Hasta me pareció que el alma se le fue al conjunto y al país después de que Suecia lo derrotó 3-0. Lo que empezó lleno de júbilo ante Alemania terminó con un sin sabor ante Brasil.
México tuvo una inigualable oportunidad durante esta Copa del Mundo de Rusia: se pudo haber clasificado primero de grupo y el rival en octavos hubiese sido Suiza y no el “Scratch”, pero así es esto, la Selección Nacional decidió no presentarse ante Suecia y éste fue el castigo.
Me voy triste, más no decepcionado. ¿Realmente podíamos esperar algo más? Me pide el “Chicharito” que me imagine cosas chingonas y por un largo y dulce momento me imagino que somos Campeones del Mundo, pero esa no es la realidad.
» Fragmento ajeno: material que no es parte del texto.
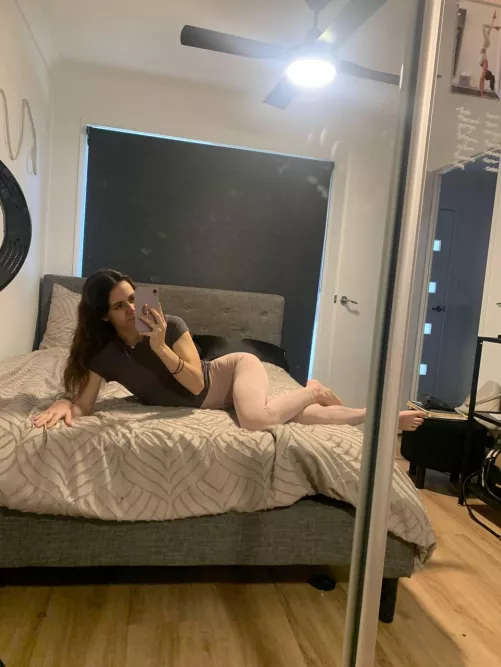 Small girls love to get naked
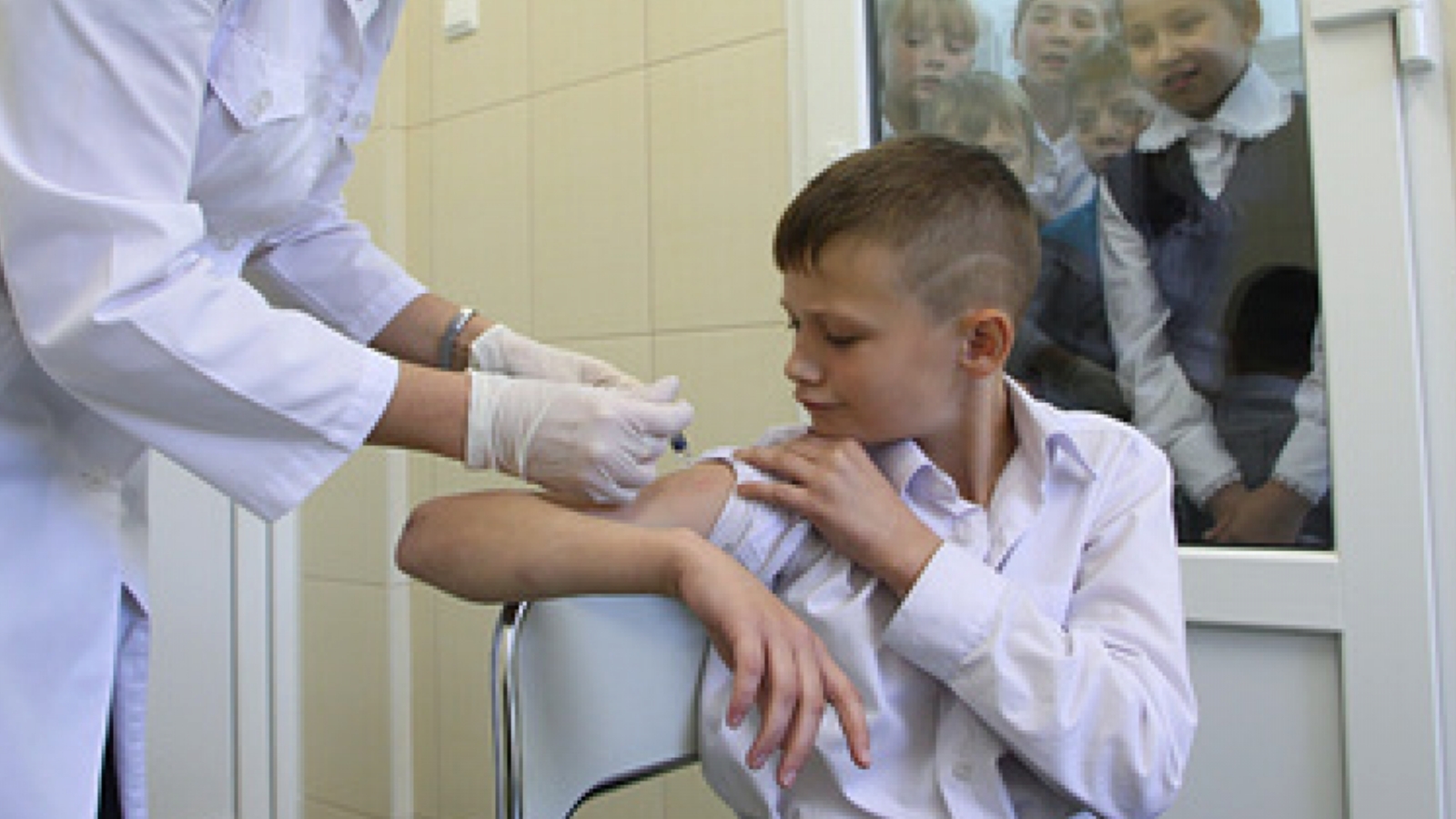 В Башкирии начнут вакцинировать подростков от Covid-19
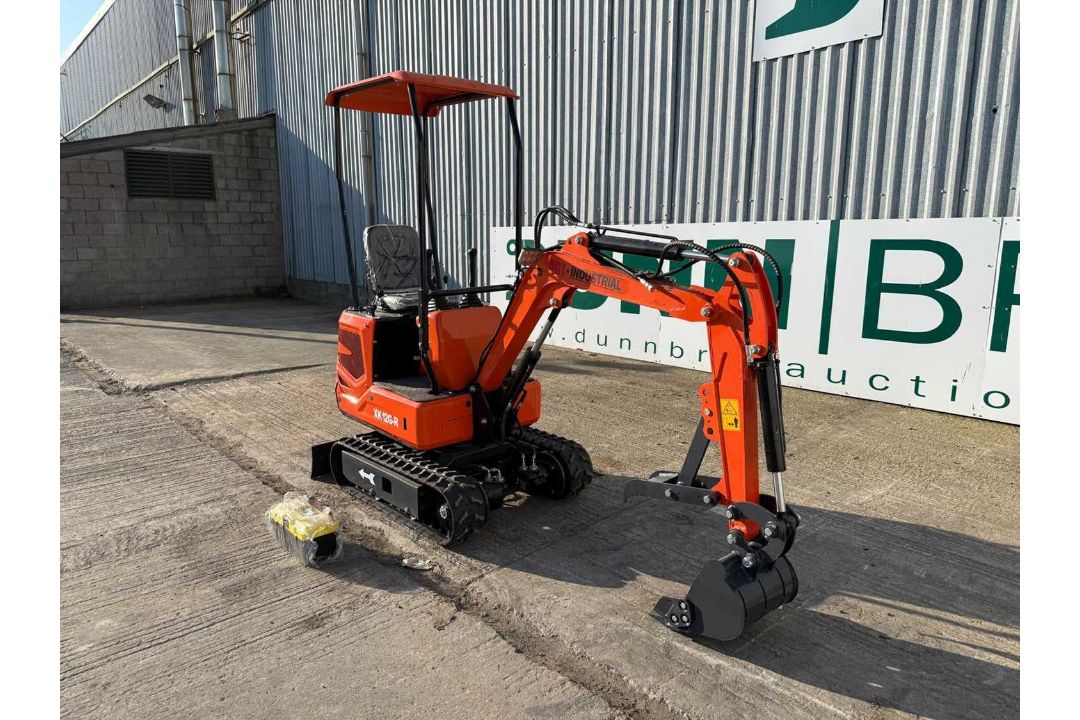 Unused 2026 AGT XK12G-R Mini Excavator With Blade, Canopy, Bucket & Manual Thumb, Aux Hoses, Petrol. - Image 6 of 36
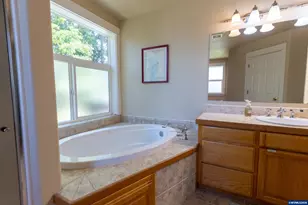 4775 Mehama Lp NE, Salem, OR 97305 - Photo 39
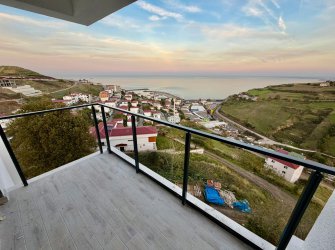 SAMSUN CANİK HASKÖY MH 2+1 FULL EŞYALI CAM BALKONLU EBEVEYN BANYOLU PANORAMİK DENİZ MANZARALI FIRSAT DAİRE 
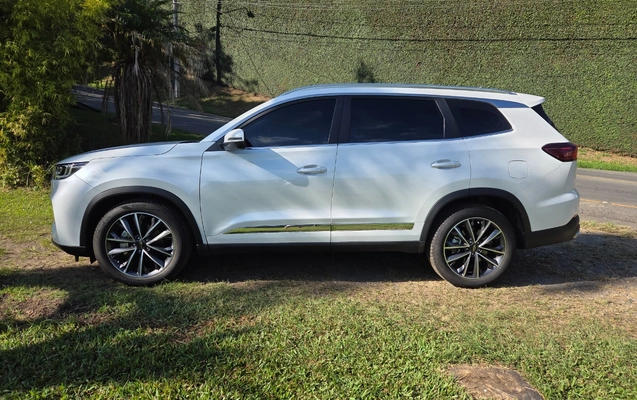 imagem-https://www.socarrao.com.br/sc-vehicle-images-prod/1026660/1776988971401-MDEuanBn.jpg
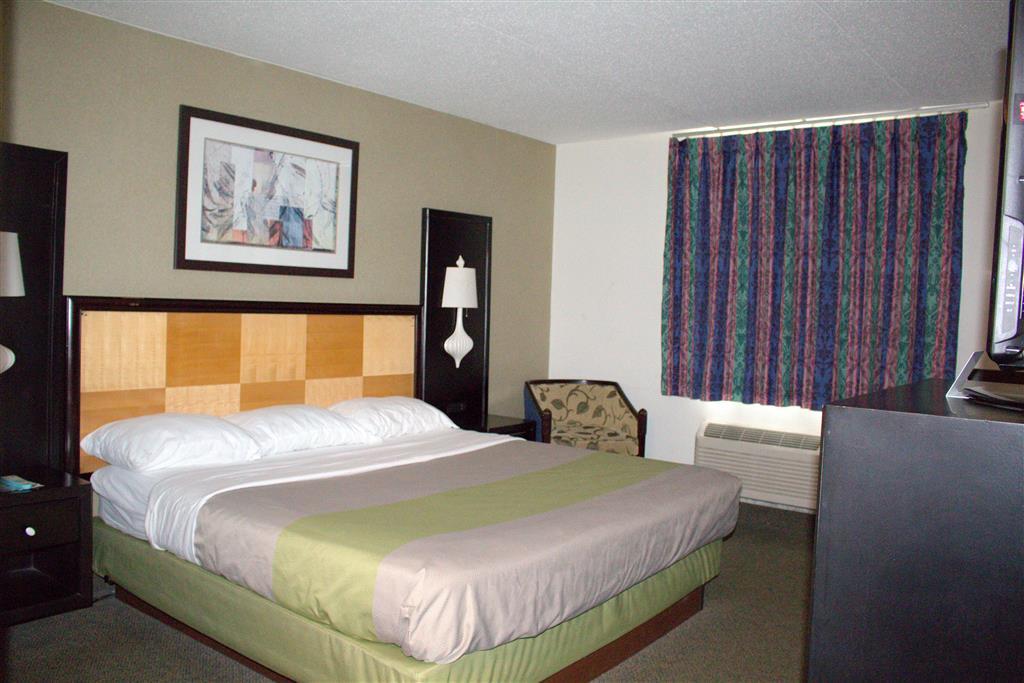 Comfort Inn & Suites Pittsburgh Gibsonia Room photo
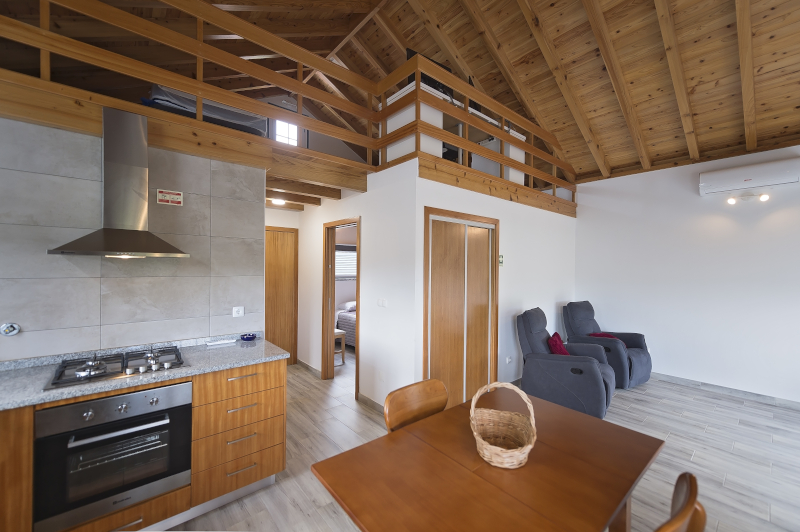 Casa da Amparo_kitchen & living area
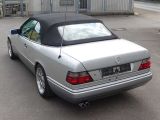 Mercedes-Benz E 220 Cabrio W124 Final Edition Automatik bei Sportwagen.expert - Abbildung (15 / 15)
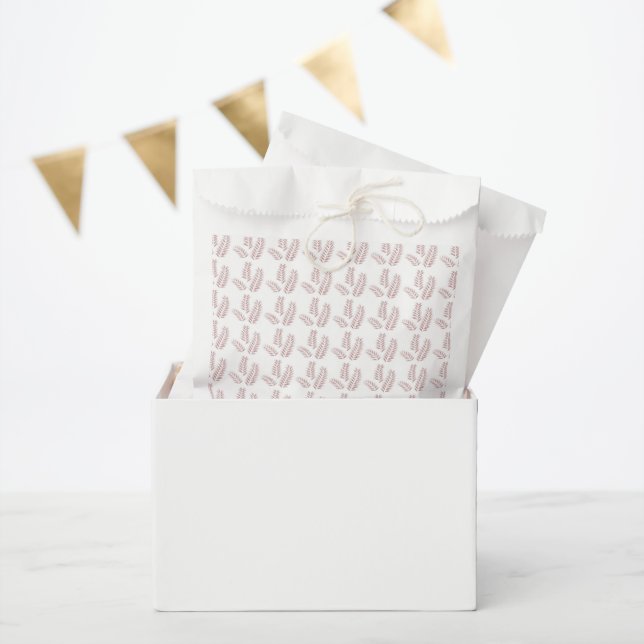 weißer Hintergrund mit rosa Blätter Geschenktütchen (Party)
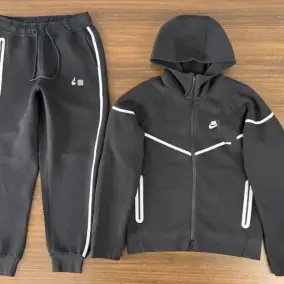 Nike Tech Fleece Reflective Hoodie & Pants Set
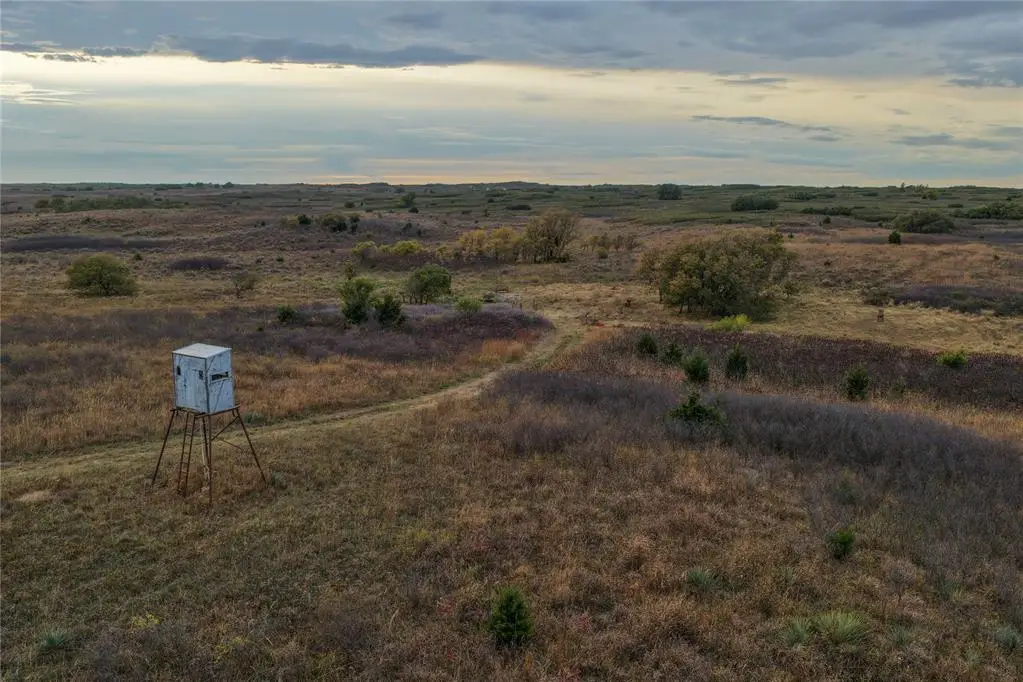 000 S County Rd 195, Arnett, OK 73832 - Image #1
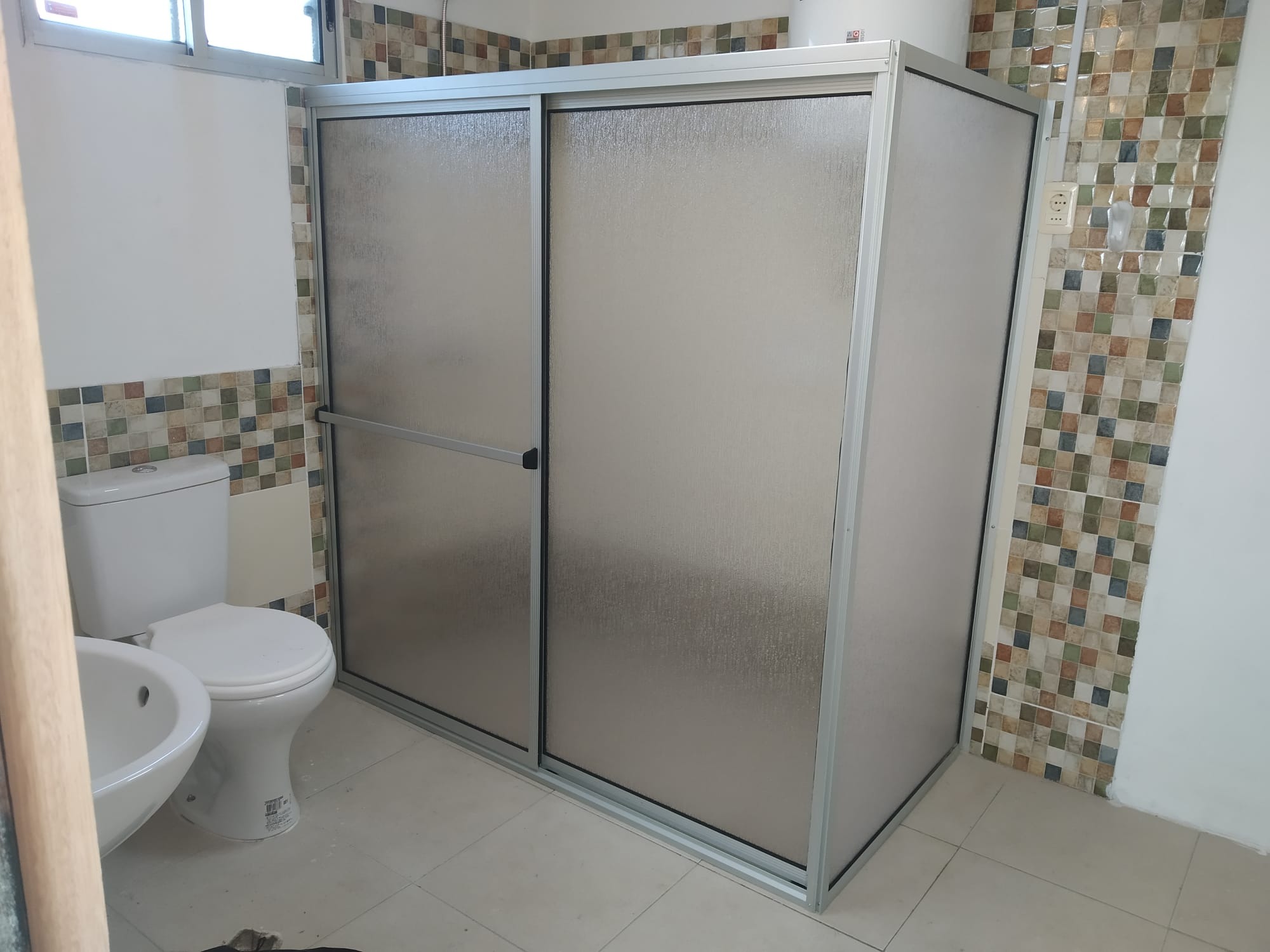 JAMINTON MEDINA CARPINTERÍA ALUMINIO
Al fin y al cabo, de eso se trata imaginar, pensar en cosas que están fuera de nuestras posibilidades.
Pero hay que ver el lado positivo también: se le respetó el proceso a un entrenador, a pesar de resultados y momentos difíciles se aguantó a Juan Carlos Osorio. Ese es un paso en la dirección correcta, la continuidad y el buen trabajo revertirán la historia. Hernández se convirtió en el máximo goleador mexicano en Mundiales junto al “Matador”, algo que no se puede celebrar siempre.

Descubrimos que Carlos Salcedo puede ser una pieza sobre la cual construir, el central, a mi parecer, tuvo el Mundial más destacado de todos los futbolistas mexicanos. Rafael Márquez se despidió con la cara en alto, a pesar de que se vio tembloroso por momentos, tuvo una despedida digna ante Brasil.
La generación “dorada” tuvo varios intentos y no logró superar la barrera, ahora le toca a la nueva generación de futbolistas tomar la batuta y sorprendernos en Qatar.